This software automatically selects the most suitable parameters to develop convolutional neural networks able to denoise medical images. The noise in medical images produced from CT or MRI scans can cover or distort the true image, making accurate diagnosis difficult. The global medical imaging market is projected to exceed $55 billion by 2025. Convolutional neural networks employ deep machine learning that mimics how the brain operates. These networks are useful for analyzing images primarily because of their ability to group images based on similarity and to recognize objects within them. The advantage of using convolutional neural networks to denoise medical images is that they can learn traditionally hand engineered filters without relying on prior work or human input. Available convolutional neural networks for medical image denoising require manual design based on empirical knowledge to eliminate a specific type of noise. However, those denoising algorithms take a long time to create and aren’t efficient due to noise type limitations.
Researchers at the University of Florida have developed a genetic algorithm-based convolutional neural network evolution system in order to improve medical image denoising. This algorithm automatically constructs convolutional neural networks that can effectively denoise a medical image containing complicated and mixed noise types.

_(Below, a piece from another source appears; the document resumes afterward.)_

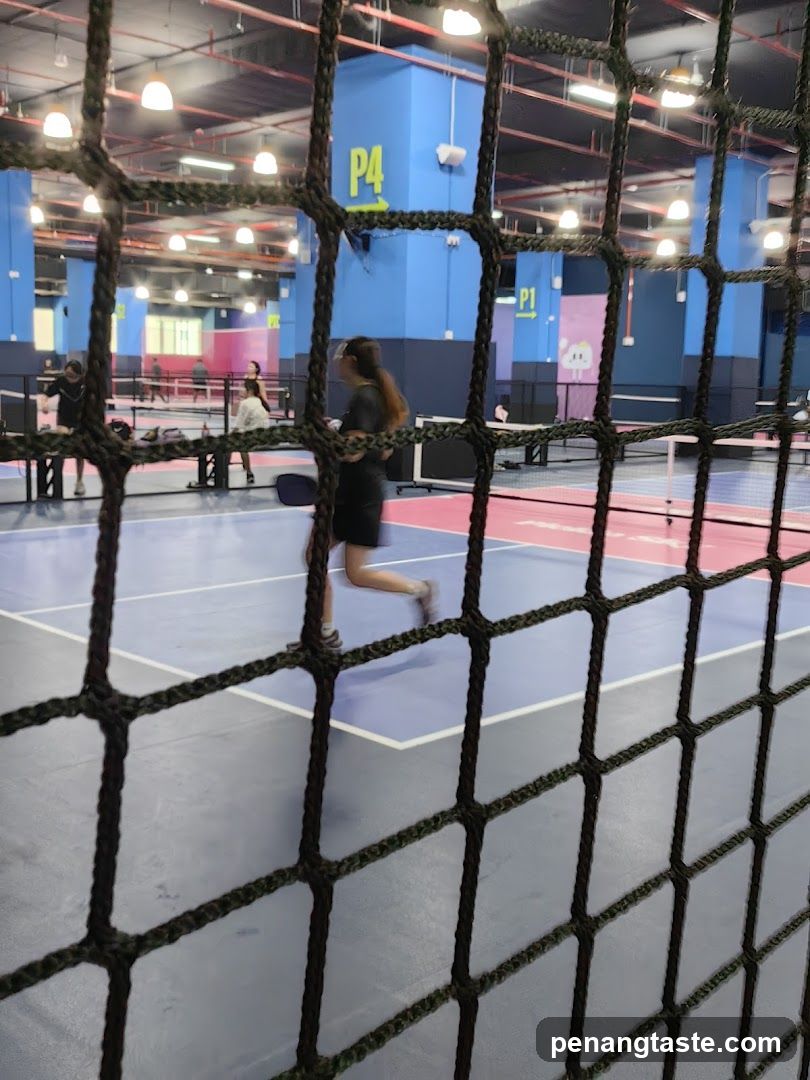Indoor Sports Court View Through Netting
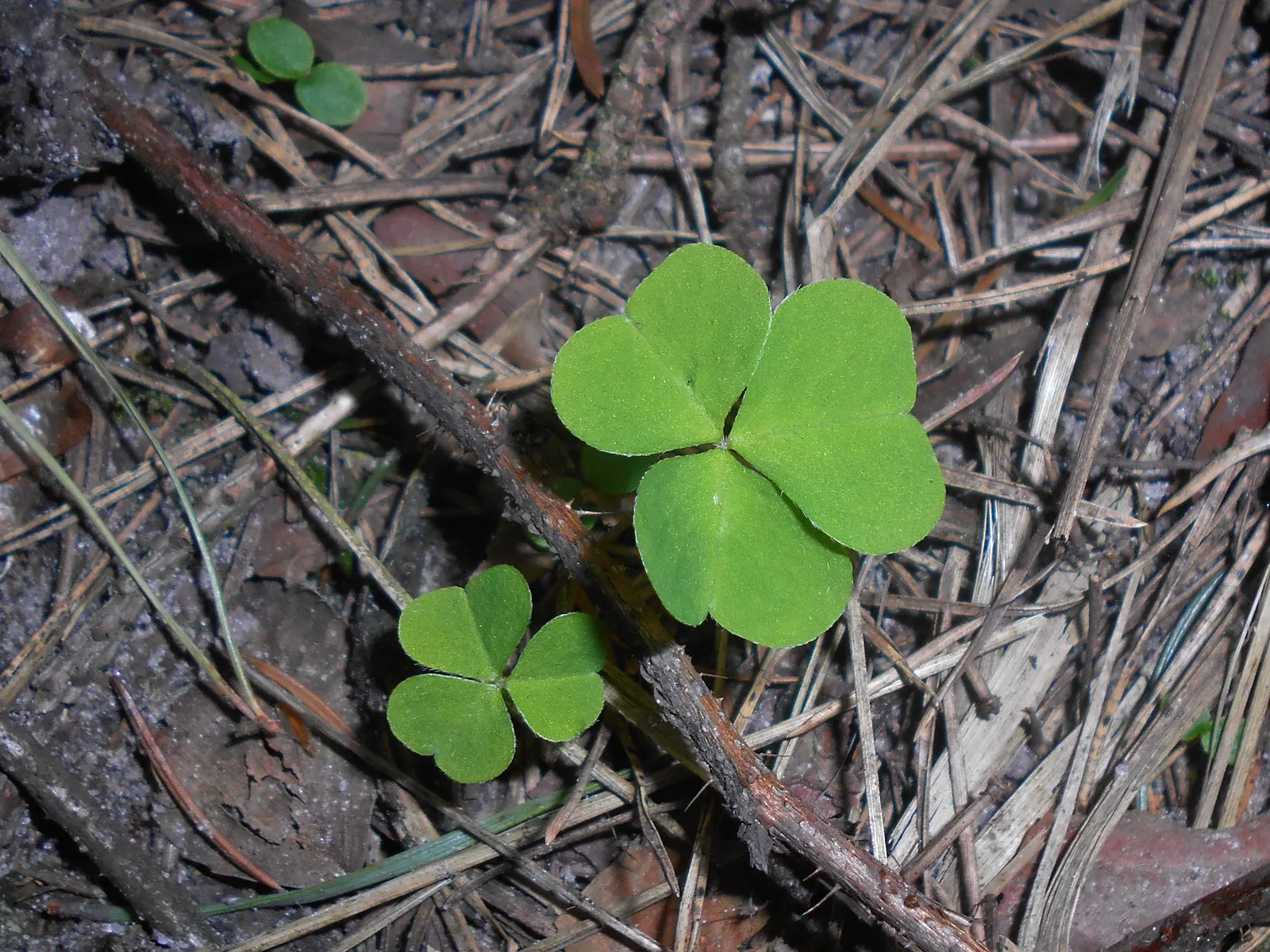 Wood Sorrel (Oxalis Acetosella) — perennial with multi-colored and white blooms; reopening with the light of day.<br><br>When designing a landscape, image 167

Evolutionary deep learning algorithm that automatically constructs convolutional neural networks for medical image denoising
This software is a medical image denoiser development system uses genetic algorithm-based evolution to automate the creation of convolutional neural networks that perform medical image denoising more efficiently than traditional, manually programmed ones. A genetic algorithm is a metaheuristic modeled after natural selection that is most useful for solving complex optimization problems. This system’s genetic algorithm works by exploring the combinations of convolutional neural network parameters and then evolving the most promising of those parameters to create the best image denoiser. The neural networks evolve via selection, crossover, and mutation. This process selects the convolutional neural network most suitable for removing the noise in a medical image. The selected convolutional neural network is able to remove complex noise combinations to improve the accuracy of medical diagnoses based on images from CT and MRI scans. Additionally, this software is applicable in other medical image analyses, such as disease classification and lesion segmentation.